_Problem statement_
For the entries that follow, restate word for word the line containing "Essay About Social Networking", the line containing "Cá koi có thể nhịn ăn bao lâu?", and every line that lies between them.

_Data for this task_

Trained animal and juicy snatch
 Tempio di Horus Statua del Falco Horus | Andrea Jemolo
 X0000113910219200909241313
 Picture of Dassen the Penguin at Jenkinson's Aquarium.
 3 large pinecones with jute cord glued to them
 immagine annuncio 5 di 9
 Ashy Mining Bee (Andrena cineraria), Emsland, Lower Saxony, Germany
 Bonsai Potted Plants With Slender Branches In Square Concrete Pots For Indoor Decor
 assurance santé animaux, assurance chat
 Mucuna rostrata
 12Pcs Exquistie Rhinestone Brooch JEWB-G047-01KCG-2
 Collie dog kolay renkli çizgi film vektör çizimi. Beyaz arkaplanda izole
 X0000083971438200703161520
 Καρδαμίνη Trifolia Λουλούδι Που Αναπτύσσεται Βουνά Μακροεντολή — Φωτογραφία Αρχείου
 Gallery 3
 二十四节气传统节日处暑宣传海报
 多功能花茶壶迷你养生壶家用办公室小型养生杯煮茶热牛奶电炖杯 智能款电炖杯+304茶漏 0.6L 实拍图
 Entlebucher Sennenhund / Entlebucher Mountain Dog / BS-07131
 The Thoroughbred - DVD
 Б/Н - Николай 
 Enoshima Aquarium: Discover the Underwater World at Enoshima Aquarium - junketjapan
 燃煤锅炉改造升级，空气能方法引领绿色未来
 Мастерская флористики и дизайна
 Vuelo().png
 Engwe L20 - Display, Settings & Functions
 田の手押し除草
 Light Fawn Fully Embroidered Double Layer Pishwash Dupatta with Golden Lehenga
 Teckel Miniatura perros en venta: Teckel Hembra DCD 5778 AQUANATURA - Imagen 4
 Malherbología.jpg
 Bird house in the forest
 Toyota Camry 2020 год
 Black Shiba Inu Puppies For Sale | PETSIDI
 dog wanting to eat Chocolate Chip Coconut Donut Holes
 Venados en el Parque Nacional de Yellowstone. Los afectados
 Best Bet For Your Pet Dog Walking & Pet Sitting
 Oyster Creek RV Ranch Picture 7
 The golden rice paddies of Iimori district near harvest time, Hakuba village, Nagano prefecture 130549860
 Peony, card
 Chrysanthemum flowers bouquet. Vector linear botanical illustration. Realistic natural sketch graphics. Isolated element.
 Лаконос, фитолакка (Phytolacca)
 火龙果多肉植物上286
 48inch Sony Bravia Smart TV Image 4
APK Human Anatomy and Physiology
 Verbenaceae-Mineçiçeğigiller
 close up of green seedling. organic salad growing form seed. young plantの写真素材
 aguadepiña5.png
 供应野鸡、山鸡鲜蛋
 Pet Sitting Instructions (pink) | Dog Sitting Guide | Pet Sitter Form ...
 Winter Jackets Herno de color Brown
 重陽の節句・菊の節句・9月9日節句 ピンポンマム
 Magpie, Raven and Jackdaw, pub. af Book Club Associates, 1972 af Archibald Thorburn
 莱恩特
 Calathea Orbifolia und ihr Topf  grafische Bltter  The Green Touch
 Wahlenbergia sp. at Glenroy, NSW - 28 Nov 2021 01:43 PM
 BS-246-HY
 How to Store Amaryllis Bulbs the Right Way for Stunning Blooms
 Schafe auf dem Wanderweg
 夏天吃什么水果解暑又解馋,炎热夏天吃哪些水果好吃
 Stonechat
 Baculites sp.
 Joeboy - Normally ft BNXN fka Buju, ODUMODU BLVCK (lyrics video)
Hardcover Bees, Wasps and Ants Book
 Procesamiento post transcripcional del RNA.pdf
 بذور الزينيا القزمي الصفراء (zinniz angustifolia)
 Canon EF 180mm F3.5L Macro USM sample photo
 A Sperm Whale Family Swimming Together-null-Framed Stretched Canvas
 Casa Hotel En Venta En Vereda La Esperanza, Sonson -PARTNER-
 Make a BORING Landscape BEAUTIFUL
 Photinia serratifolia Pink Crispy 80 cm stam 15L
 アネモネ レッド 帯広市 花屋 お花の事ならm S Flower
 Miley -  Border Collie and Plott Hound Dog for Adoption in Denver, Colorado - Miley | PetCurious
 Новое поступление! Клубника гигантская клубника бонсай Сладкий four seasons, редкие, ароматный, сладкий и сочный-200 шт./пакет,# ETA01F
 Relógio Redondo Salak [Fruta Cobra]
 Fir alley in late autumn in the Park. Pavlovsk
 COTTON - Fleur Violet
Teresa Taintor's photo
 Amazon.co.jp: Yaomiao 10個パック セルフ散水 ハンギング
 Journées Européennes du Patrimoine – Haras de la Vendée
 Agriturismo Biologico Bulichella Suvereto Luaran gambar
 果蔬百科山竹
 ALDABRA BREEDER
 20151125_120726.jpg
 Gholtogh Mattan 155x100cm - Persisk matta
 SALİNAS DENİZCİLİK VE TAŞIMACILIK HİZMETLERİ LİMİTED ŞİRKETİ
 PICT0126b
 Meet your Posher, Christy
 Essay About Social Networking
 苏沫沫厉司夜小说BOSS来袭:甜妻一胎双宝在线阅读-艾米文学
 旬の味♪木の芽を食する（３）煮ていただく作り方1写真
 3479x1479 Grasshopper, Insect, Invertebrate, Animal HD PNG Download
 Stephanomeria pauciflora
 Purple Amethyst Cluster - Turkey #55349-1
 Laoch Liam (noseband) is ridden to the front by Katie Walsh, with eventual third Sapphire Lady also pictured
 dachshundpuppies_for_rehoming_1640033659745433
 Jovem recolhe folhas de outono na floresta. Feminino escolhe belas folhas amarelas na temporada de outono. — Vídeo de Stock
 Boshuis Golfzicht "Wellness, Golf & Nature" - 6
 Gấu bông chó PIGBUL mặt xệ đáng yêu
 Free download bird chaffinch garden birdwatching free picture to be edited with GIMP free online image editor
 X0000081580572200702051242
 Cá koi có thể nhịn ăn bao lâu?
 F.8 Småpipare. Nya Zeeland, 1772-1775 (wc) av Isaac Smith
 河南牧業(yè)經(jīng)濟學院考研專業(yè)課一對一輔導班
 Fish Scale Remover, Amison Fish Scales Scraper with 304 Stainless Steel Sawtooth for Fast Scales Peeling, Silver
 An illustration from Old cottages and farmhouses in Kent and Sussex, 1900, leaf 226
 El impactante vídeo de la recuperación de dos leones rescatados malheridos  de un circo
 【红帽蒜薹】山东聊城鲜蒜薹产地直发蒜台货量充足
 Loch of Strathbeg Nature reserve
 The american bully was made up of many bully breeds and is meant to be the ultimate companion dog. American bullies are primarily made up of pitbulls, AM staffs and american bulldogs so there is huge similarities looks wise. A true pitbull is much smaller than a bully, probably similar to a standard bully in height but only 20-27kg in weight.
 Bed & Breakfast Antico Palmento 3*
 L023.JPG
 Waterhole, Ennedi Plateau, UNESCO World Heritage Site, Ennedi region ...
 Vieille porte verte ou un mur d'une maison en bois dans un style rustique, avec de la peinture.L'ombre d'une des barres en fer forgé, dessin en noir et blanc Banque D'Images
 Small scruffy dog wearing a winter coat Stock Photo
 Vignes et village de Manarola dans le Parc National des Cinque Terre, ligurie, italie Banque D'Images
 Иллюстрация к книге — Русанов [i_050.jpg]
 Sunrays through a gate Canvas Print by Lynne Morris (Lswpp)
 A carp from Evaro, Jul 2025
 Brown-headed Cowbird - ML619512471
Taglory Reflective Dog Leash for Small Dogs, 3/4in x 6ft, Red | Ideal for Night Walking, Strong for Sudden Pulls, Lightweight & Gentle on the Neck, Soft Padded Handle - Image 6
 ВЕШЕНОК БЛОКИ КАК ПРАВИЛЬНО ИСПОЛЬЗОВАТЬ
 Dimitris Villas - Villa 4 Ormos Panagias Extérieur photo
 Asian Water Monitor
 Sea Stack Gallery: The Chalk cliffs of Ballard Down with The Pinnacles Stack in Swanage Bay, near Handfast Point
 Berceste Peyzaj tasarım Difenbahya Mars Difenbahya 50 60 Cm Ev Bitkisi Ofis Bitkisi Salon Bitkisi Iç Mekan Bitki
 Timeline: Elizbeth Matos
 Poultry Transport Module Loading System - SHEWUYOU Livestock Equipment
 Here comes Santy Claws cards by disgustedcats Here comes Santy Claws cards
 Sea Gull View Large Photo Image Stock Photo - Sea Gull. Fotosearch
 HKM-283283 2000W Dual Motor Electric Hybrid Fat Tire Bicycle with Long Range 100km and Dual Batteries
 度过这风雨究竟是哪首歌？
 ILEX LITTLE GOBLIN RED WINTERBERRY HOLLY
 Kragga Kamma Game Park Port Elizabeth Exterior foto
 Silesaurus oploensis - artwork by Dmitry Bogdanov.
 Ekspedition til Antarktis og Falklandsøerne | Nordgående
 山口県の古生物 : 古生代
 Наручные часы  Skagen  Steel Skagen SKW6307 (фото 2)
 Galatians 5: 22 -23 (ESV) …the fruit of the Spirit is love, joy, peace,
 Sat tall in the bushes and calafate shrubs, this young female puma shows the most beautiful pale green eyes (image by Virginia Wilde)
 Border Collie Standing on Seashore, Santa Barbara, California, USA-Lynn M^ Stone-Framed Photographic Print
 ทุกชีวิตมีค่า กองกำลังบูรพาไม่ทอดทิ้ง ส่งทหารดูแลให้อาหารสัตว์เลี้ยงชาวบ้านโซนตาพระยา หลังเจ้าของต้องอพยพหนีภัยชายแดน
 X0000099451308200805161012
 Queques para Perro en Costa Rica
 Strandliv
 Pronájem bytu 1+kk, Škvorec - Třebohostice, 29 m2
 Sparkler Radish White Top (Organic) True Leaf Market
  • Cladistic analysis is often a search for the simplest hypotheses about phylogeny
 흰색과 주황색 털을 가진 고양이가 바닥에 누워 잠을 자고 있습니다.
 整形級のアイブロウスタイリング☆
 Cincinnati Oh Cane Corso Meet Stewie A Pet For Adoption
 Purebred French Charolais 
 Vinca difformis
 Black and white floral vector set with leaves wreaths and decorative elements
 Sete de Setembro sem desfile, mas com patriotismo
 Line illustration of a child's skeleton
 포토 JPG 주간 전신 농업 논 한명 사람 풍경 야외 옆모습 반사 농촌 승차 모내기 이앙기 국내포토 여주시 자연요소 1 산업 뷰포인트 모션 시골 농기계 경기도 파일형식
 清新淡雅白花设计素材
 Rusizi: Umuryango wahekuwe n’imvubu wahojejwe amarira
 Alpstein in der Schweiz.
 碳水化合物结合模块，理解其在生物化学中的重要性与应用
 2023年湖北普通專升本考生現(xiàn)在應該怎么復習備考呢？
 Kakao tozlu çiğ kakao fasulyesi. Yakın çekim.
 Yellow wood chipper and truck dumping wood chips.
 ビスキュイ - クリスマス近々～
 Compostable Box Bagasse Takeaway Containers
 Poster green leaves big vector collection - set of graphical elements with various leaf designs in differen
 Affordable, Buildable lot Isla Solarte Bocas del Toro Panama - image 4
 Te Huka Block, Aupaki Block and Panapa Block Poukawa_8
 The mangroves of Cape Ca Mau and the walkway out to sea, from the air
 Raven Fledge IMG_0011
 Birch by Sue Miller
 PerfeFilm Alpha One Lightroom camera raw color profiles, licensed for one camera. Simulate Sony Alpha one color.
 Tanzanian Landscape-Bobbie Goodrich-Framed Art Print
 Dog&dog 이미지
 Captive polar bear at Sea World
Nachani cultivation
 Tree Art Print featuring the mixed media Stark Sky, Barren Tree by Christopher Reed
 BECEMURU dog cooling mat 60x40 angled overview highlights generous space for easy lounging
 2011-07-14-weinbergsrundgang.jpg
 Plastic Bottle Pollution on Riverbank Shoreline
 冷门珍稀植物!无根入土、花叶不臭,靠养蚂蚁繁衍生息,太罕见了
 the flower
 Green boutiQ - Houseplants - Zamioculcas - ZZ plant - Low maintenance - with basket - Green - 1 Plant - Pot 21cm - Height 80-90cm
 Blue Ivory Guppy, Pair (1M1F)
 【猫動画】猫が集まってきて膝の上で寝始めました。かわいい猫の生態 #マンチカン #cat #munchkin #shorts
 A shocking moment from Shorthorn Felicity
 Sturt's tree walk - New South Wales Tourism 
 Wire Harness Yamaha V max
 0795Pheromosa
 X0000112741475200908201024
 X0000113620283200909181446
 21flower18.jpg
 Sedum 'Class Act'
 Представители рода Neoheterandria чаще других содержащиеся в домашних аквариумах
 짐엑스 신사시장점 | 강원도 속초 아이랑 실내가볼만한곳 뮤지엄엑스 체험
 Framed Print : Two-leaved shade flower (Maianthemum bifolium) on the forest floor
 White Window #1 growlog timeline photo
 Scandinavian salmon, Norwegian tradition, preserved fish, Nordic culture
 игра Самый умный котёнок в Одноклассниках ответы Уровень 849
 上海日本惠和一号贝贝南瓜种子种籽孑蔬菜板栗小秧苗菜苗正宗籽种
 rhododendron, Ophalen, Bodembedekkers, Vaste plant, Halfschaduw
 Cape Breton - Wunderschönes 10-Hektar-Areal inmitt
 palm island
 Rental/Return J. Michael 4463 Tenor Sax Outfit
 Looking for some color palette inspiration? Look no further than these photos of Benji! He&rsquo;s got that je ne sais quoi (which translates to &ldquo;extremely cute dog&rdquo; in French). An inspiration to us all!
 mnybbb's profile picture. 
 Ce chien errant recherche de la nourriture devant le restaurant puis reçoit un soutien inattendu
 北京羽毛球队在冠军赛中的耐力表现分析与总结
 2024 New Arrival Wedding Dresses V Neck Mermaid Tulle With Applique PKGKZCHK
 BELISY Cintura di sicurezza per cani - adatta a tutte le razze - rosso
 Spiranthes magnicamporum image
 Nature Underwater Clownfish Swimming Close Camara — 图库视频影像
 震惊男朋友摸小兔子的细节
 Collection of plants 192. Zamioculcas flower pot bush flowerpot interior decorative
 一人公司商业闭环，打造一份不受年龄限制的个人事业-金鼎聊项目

_Expected output_
 Essay About Social Networking
 苏沫沫厉司夜小说BOSS来袭:甜妻一胎双宝在线阅读-艾米文学
 旬の味♪木の芽を食する（３）煮ていただく作り方1写真
 3479x1479 Grasshopper, Insect, Invertebrate, Animal HD PNG Download
 Stephanomeria pauciflora
 Purple Amethyst Cluster - Turkey #55349-1
 Laoch Liam (noseband) is ridden to the front by Katie Walsh, with eventual third Sapphire Lady also pictured
 dachshundpuppies_for_rehoming_1640033659745433
 Jovem recolhe folhas de outono na floresta. Feminino escolhe belas folhas amarelas na temporada de outono. — Vídeo de Stock
 Boshuis Golfzicht "Wellness, Golf & Nature" - 6
 Gấu bông chó PIGBUL mặt xệ đáng yêu
 Free download bird chaffinch garden birdwatching free picture to be edited with GIMP free online image editor
 X0000081580572200702051242
 Cá koi có thể nhịn ăn bao lâu?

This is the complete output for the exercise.